31st of January 2017: “A DAY NOT SEIZED? : CITIZEN ACTIVISM AND THE NEW POLITICAL REALITY”

STEVEN FRIEDMAN

Steven Friedman is the Director of the Centre for the Study of Democracy at Rhodes University and the University of Johannesburg. He is a political scientist who has specialized in the study of democracy. During the 1980s, he produced a series of studies of reform apartheid and its implications for a democratic future. Friedman has researched and wrote widely on the South African transition to democracy both before and after the elections of 1994 and has, over the past decade, largely written on the relationship between democracy on the one hand, social inequality and economic growth on the other. In particular, he has stressed the role of citizen voice in strengthening democracy and promoting equality.

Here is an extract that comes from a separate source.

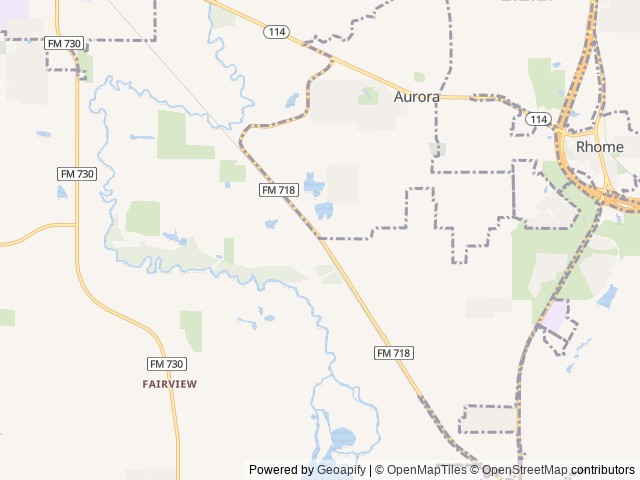 Map of Sun Ridge RV Park location at Rhome, TX, United States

26th of October 2016: “AN ALTERNATIVE TO DEMOCRATIC EXCLUSION? THE CASE FOR PARTICIPATORY LOCAL BUDGETING IN SOUTH AFRICA”

CAROLYN BASSETT

Carolyn Bassett is Associate Professor, Department of Political Science and Director, International Development Studies Program at the University of New Brunswick in Fredericton, Canada. She has researched South African politics for more than 25 years, focusing on policy processes and the role of civil society, especially trade unions. Her work has been published in Review of African Political Economy, Third World Quarterly, Journal of Contemporary African Studies and other journals, and she is currently working on a book on COSATU and the policy process in South Africa.

20th of October 2016: “SOUTH AFRICA: PUBLIC PARTICIPATION IN POLICY-MAKING – A PRACTICAL
EXAMINATION”

IMRAAN BUCCUS

Imraan Buccus is a Senior Research Associate at ASRI. He is also the academic director of a university study abroad program on political transformation and concurrently a Research Fellow in the School of Social Sciences at UKZN, and the editor of Al Qalam. Buccus is the former editor of Critical Dialogue, a journal of Public Participation in review, he co-authored the National Framework on Public Participation for the South African government. During his time at the Centre for Public Participation, he led an initiative to bring policy making spaces closer to ordinary people and also led a project to assess the state of participatory democracy in Namibia. He has wide ranging experience working with various donor agencies including the Ford Foundation, NiZA, EU, Kellogg Foundation and the Open Society Foundation. In the early 2000’s Buccus worked as academic coordinator of the Workers College, a progressive experiential education college for workers from the trade union movement, where he developed a passion for experiential education and its personal and academic developmental potential. Imraan is also widely published, in academic journals and book chapters, in the area of participatory democracy, poverty and civil society.